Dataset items

======

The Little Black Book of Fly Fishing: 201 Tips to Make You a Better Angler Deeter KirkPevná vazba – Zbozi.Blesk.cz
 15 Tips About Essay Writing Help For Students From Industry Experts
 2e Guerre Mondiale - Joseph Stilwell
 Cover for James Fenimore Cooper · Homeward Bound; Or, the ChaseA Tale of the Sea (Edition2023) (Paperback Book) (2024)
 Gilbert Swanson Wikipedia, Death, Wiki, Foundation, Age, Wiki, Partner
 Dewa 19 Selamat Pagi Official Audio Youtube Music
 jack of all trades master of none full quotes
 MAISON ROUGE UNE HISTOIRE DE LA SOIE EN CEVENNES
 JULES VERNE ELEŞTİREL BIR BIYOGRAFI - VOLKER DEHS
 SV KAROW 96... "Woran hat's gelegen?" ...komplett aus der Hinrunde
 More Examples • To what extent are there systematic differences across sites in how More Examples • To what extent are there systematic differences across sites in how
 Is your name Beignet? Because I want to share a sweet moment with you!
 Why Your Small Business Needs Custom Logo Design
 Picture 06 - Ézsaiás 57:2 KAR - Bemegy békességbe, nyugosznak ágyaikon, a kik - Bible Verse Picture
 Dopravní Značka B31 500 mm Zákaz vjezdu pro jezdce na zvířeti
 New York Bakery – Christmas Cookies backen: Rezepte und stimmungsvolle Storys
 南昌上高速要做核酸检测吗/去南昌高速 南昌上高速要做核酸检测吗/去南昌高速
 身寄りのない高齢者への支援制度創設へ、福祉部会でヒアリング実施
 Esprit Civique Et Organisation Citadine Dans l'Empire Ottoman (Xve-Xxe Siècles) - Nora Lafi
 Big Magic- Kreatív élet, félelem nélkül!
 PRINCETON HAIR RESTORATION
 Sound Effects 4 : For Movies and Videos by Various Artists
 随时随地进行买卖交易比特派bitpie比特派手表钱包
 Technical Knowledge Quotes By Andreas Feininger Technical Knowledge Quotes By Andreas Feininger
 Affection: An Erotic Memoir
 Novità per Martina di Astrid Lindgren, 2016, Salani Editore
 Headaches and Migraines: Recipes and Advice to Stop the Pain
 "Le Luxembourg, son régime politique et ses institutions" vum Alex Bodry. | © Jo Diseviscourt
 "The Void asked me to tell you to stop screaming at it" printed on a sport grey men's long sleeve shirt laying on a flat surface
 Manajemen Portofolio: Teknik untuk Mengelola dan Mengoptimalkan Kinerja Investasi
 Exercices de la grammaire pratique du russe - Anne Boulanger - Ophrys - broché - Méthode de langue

======

# TASK INSTRUCTIONS
The records above should be repeated word for word.

# SOLUTION FOR THIS PROBLEM
The Little Black Book of Fly Fishing: 201 Tips to Make You a Better Angler Deeter KirkPevná vazba – Zbozi.Blesk.cz
 15 Tips About Essay Writing Help For Students From Industry Experts
 2e Guerre Mondiale - Joseph Stilwell
 Cover for James Fenimore Cooper · Homeward Bound; Or, the ChaseA Tale of the Sea (Edition2023) (Paperback Book) (2024)
 Gilbert Swanson Wikipedia, Death, Wiki, Foundation, Age, Wiki, Partner
 Dewa 19 Selamat Pagi Official Audio Youtube Music
 jack of all trades master of none full quotes
 MAISON ROUGE UNE HISTOIRE DE LA SOIE EN CEVENNES
 JULES VERNE ELEŞTİREL BIR BIYOGRAFI - VOLKER DEHS
 SV KAROW 96... "Woran hat's gelegen?" ...komplett aus der Hinrunde
 More Examples • To what extent are there systematic differences across sites in how More Examples • To what extent are there systematic differences across sites in how
 Is your name Beignet? Because I want to share a sweet moment with you!
 Why Your Small Business Needs Custom Logo Design
 Picture 06 - Ézsaiás 57:2 KAR - Bemegy békességbe, nyugosznak ágyaikon, a kik - Bible Verse Picture
 Dopravní Značka B31 500 mm Zákaz vjezdu pro jezdce na zvířeti
 New York Bakery – Christmas Cookies backen: Rezepte und stimmungsvolle Storys
 南昌上高速要做核酸检测吗/去南昌高速 南昌上高速要做核酸检测吗/去南昌高速
 身寄りのない高齢者への支援制度創設へ、福祉部会でヒアリング実施
 Esprit Civique Et Organisation Citadine Dans l'Empire Ottoman (Xve-Xxe Siècles) - Nora Lafi
 Big Magic- Kreatív élet, félelem nélkül!
 PRINCETON HAIR RESTORATION
 Sound Effects 4 : For Movies and Videos by Various Artists
 随时随地进行买卖交易比特派bitpie比特派手表钱包
 Technical Knowledge Quotes By Andreas Feininger Technical Knowledge Quotes By Andreas Feininger
 Affection: An Erotic Memoir
 Novità per Martina di Astrid Lindgren, 2016, Salani Editore
 Headaches and Migraines: Recipes and Advice to Stop the Pain
 "Le Luxembourg, son régime politique et ses institutions" vum Alex Bodry. | © Jo Diseviscourt
 "The Void asked me to tell you to stop screaming at it" printed on a sport grey men's long sleeve shirt laying on a flat surface
 Manajemen Portofolio: Teknik untuk Mengelola dan Mengoptimalkan Kinerja Investasi
 Exercices de la grammaire pratique du russe - Anne Boulanger - Ophrys - broché - Méthode de langue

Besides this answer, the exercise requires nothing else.